Наверняка в оставшихся рисунках Калмыкова должен был быть и портрет маленького мальчика, который он так и назвал – «Портрет Серёжи». Закончил он его или нет, не знаю. Но сидел я перед ним, позировал раз пять неподвижно, а он ходил и ходил вокруг мольберта, смотрел на меня и по сторонам и рисовал. А говорили мы больше о сказках, и я рассказывал ему о своем любимом Изумрудном городе и о волшебнике Гудвине.
– А вот моя любимая сказка – «Золушка», – говорил дядя Сергей.
И однажды показал мне свой цветной рисунок: Золушка, летающая где-то в космосе, среди звезд и планет. Он простирала руки вверх, как казалось, стараясь поймать звезду или уцепиться за нее, а одета была в сверкающее, длинное белое платье с пылающим шлейфом, как будто это платье-ракета вознесло ее в космос. Были еще рисунки: Золушка в райском саду, и идущая по морскому дну среди огромных рыб и медуз, и Золушка в виде крохотной Дюймовочки, летающей с маленькими белыми крылышками среди огромных цветов.
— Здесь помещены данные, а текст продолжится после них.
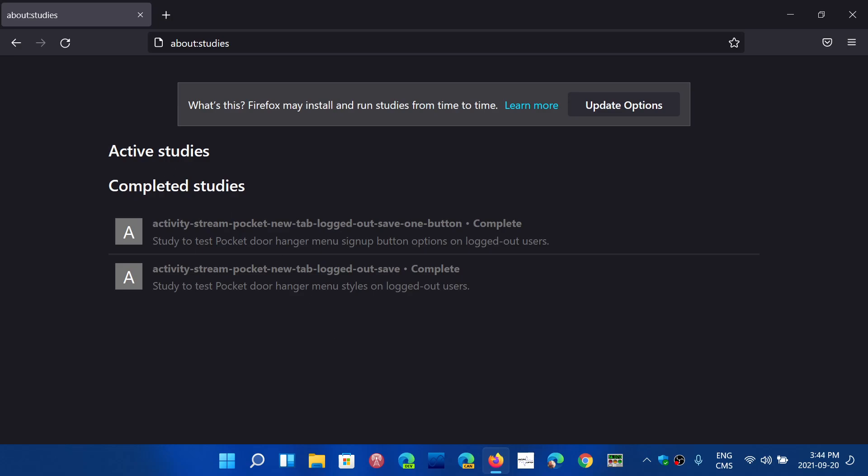So in that section, active studies, you can tell Mozilla that you don't want to participate in that study, which reverts you back.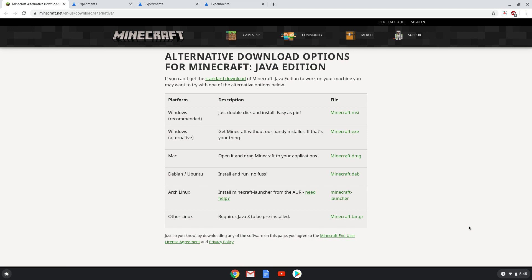Earlier this year we created a similar video, but we felt that it is needed to create a follow-up video with an easier installation method and some bug fixes like many graphical issues you might experience and some mouse pointer issues inside the game.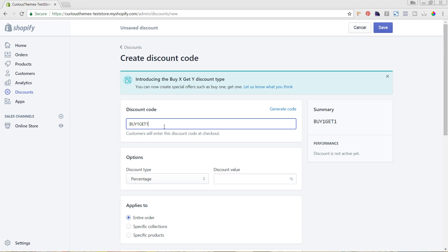You can also have it auto-generate the code by clicking here. However, I do like having it be something that's easy to remember and type in, especially if you're sharing it on social media or in your email newsletter.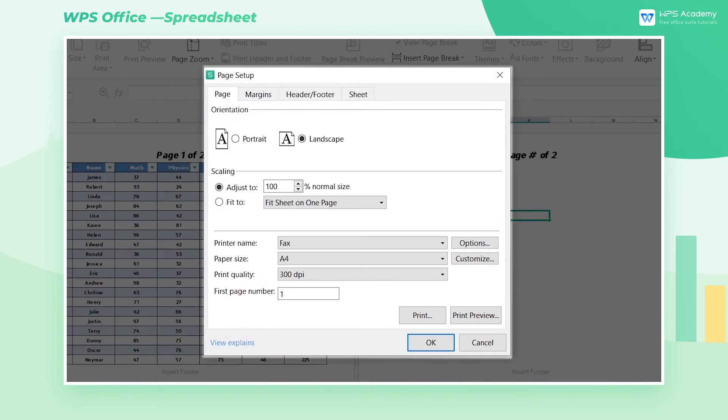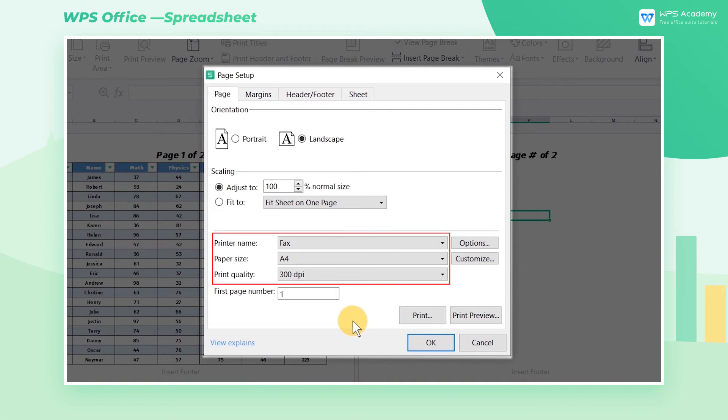In the pop-up Page Setup dialog box, we can set Page Size and Print Quality according to different printers.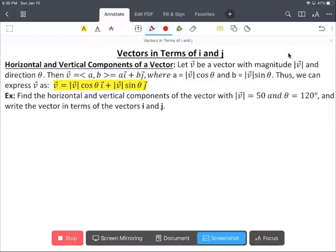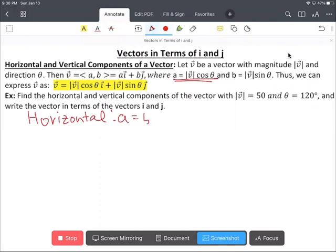In this video, we're going to write vectors in terms of i and j. For the given example, we're going to find the horizontal component, which is a equals 50 cosine 120 degrees, and we simplify to negative 25.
…Много лет спустя, заходя в антикварные лавки, рассматривая рисунки моего тёзки, художника Сергея Калмыкова, всегда вспоминал его самого, его непонятные, рисованные миры и вселенные, волшебные рассказы и добрые глаза. И нашу первую встречу, и мой страх под роялем. И думаю: а как бы он прожил, если б и в самом деле родился в другое время?